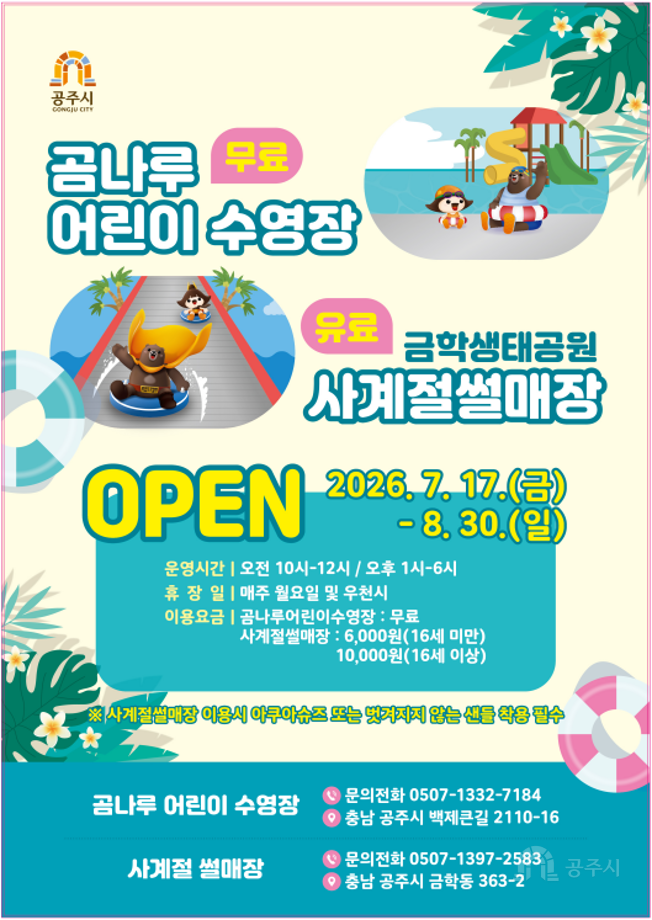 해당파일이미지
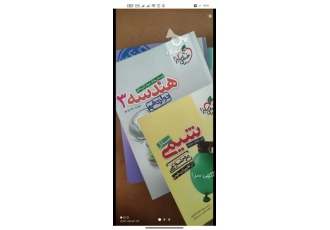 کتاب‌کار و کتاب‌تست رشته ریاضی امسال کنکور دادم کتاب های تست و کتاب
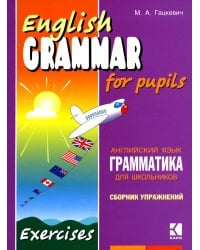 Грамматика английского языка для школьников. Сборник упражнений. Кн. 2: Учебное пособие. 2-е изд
...
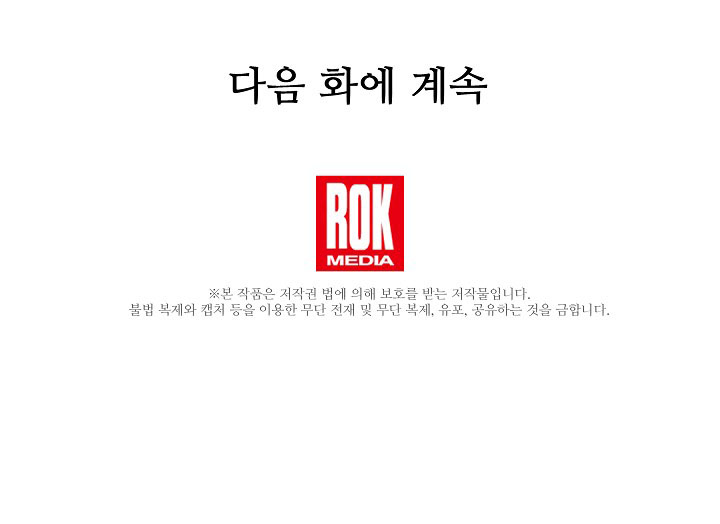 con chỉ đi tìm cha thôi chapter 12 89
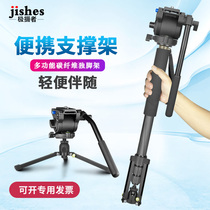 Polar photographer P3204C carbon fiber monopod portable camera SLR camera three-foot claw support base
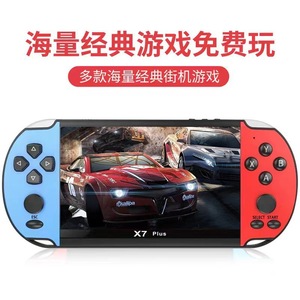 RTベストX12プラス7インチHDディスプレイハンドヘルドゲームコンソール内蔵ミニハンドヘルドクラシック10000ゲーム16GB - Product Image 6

- _Exercise directions_
Start at the line above containing "Polar photographer P3204C" and stop at the line containing "Product Image 6": print those lines and everything between them exactly, but not the pictures.

- _Exercise output_
 Polar photographer P3204C carbon fiber monopod portable camera SLR camera three-foot claw support base
 RTベストX12プラス7インチHDディスプレイハンドヘルドゲームコンソール内蔵ミニハンドヘルドクラシック10000ゲーム16GB - Product Image 6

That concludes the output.